Back when I wrote for PC Magazine, we did an issue once a year on the Perfect PC. It assembled the best features and performance parts from the various systems we'd tested over the past year, and with the help of the art department, we'd combine them into our idea of the perfect PC. Today I'd like to do the same for a SAN array, discussing the specs of the perfect midrange array.
My dream array would have no battery. Like Adaptec's server RAID cards, it would use an ultra-capacitor and flash instead. When the power fails, it dumps its write cache to MLC flash, which shouldn't take more than a minute or so.
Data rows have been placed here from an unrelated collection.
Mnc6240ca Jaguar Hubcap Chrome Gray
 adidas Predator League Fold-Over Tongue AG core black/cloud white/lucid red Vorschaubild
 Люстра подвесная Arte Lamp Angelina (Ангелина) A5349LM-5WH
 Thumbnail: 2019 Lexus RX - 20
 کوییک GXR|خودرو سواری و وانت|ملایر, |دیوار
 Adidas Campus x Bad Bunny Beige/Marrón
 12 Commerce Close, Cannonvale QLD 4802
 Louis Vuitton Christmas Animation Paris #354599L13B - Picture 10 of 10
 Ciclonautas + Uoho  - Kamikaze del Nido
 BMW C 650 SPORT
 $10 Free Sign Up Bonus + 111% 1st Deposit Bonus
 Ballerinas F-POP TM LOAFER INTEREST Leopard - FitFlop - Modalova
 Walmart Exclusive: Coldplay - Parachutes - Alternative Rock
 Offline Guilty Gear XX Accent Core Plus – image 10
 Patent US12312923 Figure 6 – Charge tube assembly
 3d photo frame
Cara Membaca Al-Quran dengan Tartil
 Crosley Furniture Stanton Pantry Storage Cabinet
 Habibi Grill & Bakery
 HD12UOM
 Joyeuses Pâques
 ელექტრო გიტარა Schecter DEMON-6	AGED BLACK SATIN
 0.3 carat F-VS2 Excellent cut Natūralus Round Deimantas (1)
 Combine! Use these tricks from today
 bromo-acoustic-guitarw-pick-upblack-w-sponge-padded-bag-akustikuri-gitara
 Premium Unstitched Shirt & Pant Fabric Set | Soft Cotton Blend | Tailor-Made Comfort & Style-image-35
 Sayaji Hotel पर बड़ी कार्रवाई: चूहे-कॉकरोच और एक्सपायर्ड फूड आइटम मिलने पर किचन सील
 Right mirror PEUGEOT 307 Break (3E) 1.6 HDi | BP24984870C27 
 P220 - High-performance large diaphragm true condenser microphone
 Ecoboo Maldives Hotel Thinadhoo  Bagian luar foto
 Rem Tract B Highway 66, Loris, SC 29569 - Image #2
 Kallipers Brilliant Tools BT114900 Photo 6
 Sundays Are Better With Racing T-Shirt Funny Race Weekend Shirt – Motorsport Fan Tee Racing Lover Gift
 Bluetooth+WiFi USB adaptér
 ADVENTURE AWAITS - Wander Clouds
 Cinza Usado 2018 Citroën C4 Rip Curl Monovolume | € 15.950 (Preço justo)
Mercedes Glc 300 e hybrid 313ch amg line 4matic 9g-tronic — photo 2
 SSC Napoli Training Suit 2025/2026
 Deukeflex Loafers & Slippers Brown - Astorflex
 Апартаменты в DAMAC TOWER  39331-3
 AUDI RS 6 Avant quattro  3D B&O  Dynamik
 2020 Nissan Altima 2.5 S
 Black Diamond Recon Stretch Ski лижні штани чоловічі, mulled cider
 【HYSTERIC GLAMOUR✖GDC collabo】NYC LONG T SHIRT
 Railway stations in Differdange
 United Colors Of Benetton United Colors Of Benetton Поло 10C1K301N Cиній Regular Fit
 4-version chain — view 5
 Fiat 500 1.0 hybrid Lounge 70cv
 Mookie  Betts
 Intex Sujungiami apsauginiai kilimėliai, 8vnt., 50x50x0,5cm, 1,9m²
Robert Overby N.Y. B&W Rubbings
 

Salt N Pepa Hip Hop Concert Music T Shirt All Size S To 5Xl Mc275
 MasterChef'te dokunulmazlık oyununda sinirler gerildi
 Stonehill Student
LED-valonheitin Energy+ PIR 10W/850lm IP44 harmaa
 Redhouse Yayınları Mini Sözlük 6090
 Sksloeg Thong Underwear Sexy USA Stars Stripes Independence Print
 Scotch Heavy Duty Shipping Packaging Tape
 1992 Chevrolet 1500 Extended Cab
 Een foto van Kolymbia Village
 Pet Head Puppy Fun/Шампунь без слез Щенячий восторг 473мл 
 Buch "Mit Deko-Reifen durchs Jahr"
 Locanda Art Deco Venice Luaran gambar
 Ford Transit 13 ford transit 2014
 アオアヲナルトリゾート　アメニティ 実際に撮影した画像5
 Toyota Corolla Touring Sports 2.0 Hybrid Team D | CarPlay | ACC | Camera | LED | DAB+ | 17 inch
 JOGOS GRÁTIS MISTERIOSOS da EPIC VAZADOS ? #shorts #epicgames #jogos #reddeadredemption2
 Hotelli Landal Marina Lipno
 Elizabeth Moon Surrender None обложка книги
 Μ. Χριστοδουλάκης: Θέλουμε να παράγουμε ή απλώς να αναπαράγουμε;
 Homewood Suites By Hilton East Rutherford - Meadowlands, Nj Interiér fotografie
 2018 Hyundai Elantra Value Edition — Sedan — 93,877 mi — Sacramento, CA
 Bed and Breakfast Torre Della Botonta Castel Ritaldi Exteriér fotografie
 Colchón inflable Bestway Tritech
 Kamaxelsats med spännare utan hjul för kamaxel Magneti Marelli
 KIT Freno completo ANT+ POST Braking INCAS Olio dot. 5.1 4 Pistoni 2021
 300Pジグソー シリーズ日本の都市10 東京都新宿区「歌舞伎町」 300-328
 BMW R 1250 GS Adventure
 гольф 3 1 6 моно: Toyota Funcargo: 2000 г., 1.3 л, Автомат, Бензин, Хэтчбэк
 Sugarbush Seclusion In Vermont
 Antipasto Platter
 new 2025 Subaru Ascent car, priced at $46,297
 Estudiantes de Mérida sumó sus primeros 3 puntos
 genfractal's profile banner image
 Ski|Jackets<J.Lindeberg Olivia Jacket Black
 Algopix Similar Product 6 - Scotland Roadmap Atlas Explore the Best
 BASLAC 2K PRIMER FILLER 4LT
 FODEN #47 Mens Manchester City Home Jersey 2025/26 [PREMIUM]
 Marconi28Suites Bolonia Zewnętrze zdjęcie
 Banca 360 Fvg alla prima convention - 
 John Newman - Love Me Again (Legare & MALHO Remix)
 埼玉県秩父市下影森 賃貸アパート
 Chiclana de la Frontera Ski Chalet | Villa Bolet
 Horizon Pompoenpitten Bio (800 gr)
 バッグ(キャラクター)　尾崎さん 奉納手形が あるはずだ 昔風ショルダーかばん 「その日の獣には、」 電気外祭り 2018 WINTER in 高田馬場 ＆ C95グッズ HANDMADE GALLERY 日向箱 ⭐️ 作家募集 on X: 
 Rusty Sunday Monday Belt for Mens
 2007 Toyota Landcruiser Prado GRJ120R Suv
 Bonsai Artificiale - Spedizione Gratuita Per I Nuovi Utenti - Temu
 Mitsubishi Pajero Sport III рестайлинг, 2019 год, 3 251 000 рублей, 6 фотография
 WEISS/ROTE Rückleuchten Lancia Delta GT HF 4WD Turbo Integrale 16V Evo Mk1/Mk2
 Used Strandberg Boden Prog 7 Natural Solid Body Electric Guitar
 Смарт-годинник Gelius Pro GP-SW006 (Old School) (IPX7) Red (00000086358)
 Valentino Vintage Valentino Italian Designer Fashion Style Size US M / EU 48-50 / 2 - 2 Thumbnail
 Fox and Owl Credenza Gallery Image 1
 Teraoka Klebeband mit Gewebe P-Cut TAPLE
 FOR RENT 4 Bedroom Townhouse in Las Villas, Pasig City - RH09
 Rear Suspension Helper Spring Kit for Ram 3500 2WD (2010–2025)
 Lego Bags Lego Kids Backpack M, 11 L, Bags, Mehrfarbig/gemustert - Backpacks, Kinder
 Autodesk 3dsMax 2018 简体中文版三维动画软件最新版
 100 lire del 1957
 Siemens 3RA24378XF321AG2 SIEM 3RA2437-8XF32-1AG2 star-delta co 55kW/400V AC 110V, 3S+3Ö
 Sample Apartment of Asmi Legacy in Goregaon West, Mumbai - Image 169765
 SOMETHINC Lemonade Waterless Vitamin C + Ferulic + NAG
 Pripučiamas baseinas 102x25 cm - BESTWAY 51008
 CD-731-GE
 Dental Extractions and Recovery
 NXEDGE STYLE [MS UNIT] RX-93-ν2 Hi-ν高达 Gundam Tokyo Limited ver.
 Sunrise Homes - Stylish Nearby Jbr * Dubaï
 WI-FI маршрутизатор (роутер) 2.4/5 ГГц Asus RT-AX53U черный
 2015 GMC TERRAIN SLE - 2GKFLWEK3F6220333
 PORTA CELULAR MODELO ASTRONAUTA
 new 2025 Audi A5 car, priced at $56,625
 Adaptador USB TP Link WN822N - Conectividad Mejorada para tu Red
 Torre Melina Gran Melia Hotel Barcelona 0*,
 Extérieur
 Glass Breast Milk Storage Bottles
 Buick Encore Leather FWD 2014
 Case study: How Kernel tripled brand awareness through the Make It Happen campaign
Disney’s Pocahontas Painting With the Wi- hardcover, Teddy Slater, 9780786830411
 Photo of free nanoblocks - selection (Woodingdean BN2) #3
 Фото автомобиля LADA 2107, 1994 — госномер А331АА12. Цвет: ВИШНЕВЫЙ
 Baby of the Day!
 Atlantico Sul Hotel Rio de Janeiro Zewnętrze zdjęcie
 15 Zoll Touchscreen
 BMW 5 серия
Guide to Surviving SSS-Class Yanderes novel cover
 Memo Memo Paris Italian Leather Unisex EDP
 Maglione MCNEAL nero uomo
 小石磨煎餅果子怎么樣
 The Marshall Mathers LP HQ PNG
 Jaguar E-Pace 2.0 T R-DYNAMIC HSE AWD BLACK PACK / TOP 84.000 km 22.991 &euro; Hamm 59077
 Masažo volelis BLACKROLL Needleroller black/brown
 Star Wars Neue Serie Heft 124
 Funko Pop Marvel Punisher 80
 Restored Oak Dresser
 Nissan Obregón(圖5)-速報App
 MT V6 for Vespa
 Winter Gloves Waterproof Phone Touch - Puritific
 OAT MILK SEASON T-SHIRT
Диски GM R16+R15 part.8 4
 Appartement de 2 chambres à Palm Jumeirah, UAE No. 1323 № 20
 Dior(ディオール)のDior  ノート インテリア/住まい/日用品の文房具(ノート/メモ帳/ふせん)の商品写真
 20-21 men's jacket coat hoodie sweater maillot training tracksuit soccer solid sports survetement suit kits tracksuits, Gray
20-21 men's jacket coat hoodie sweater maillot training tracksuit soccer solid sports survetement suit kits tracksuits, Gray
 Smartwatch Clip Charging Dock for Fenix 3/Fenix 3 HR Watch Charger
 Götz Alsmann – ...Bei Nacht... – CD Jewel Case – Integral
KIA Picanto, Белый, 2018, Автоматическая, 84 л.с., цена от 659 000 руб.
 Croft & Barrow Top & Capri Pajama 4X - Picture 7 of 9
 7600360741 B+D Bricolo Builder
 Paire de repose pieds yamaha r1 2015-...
I've always found cache battery maintenance annoying. Having to bring down a server or storage array to change the battery is like taking your car to the shop because the spare tire is flat. No fun, no progress, but reduced productivity and for most of us in the mid-market, a lost evening or weekend day. I sure hope more vendors jump on the ultracapacitor and flash bandwagon, so that in a few years we can look at cache batteries with the disdain we now have for removable disk packs.
The dream array would use SAS as the exclusive drive, and a JBOD interface. Now that Seagate and the other drive vendors are shipping both 15Krpm performance oriented and 5400-7200RPM capacity oriented drives with dual port SAS interfaces, we can standardize on SAS. As a JBOD interface, a single SAS cable carries three times the bandwidth of an 8gbps FC loop at a significantly lower cost. Even with the additional bandwidth, the SAS expander based drive chassis has to be less expensive to produce than FC SBODs, since the expander chips are off-the-shelf silicon.
The drives would include on drive disk encryption with the array controller handling all the keys so I can send failed drives back to the factory for credit without worrying about my data.